Twitter json to csv

g3troot · May 14, 2018, 4:48pm

I am trying to convert the twitter json data to csv. I am able to get the top level attributes perfectly but the attributes which are nested, I’m not able to parse. The nested json is like this

 "entities":{

  "hashtags":[

  ],
  "urls":[
     {
        "url":"https:\/\/t.co\/ieON9yclmy",
        "expanded_url":"http:\/\/www.dailymail.co.uk\/news\/article-4044728\/Theresa-wants-use-army-computerised-Trump-mind-readers-help-win-Election.html#ixzz5AE6Hx3VW",
        "display_url":"dailymail.co.uk\/news\/article-4\u2026",
        "indices":[
           39,
           62
        ]
     }
  ],
  "user_mentions":[
     {
        "screen_name":"neonbubble",
        "name":"Mark H",
        "id":10934622,
        "id_str":"10934622",
        "indices":[
           0,
           11
        ]
     }

Right now my python code looks like this

from operator import itemgetter
from StringIO import StringIO
import csv
import json
import sys
reload(sys)
sys.setdefaultencoding('utf8')

def get_leaves(item, key=None):
    if isinstance(item, dict):
        leaves = []
        for i in item.keys():
            leaves.extend(get_leaves(item[i], i))
        return leaves
    elif isinstance(item, list):
        leaves = []
        for i in item:
            leaves.extend(get_leaves(i, key))
        return get_leaves
    else:
        return [(key,item)]


header = ['created_at', 'id', 'id_str', 'in_reply_to_status_id', 'in_reply_to_user_id', 'text', 'source', 'truncated', 'in_reply_to_status_id_str', 'in_reply_to_user_id_str', 'in_reply_to_screen_name', 'user', 'entities']
required_cols = itemgetter(*header)

with open('twitter.json') as f_input, open('output.csv', 'wb') as f_output:
    csv_output = csv.writer(f_output)
    csv_output.writerow(header)
    write_header = True

    for entry in f_input:
        if entry.strip(): 
            leaf_entries = sorted(get_leaves(entry))
            csv_output.writerow(required_cols(json.loads(leaf_entries)))

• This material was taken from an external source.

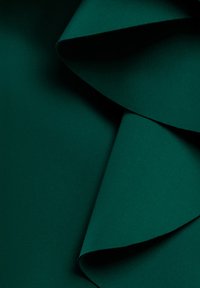 Tummanvihreä kangas, jossa on sileä tekstuuri ja päällekkäisiä laskoksia, jotka luovat kerroksellisen vaikutelman. Ei näkyviä kuvioita tai kiinnikkeitä.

How can I do it in python?

fxbg · May 14, 2018, 5:01pm

I have to ask, before I give it a go, why convert it to CSV?

g3troot · May 14, 2018, 5:04pm

running a big data query requires that.

fxbg · May 14, 2018, 6:01pm

#!/usr/bin/python
import csv
import json

with open('json', 'r') as myfile:
        jsonData = myfile.read()

data = json.loads(jsonData)
wfile = csv.writer(open("json.csv", "wb+"))

for data in data:
        ndata = json.dumps(data)
        wfile.writerow([
                ndata["entities"],ndata["urls"]
                ])

It errors:

Traceback (most recent call last):
  File "conv.py", line 14, in <module>
    ndata["entities"],ndata["urls"]
TypeError: string indices must be integers, not str

but maybe you can get it going, I suck at python, below is the json file I used.

[{ "entities":{

  "hashtags":[

  ],
  "urls":[
     {
        "url":"https:\/\/t.co\/ieON9yclmy",
        "expanded_url":"http:\/\/www.dailymail.co.uk\/news\/article-4044728\/Theresa-wants-use-army-computerised-Trump-mind-readers-help-win-Election.html#ixzz5AE6Hx3VW",
        "display_url":"dailymail.co.uk\/news\/article-4\u2026",
        "indices":[
           39,
           62
        ]
     }
  ],
  "user_mentions":[
     {
        "screen_name":"neonbubble",
        "name":"Mark H",
        "id":10934622,
        "id_str":"10934622",
        "indices":[
           0,
           11
        ]
     }
]
}
}]

g3troot · May 14, 2018, 6:36pm

you can use the json file here https://pastebin.com/RxCJr871

system · June 13, 2018, 4:49pm

This topic was automatically closed after 30 days. New replies are no longer allowed.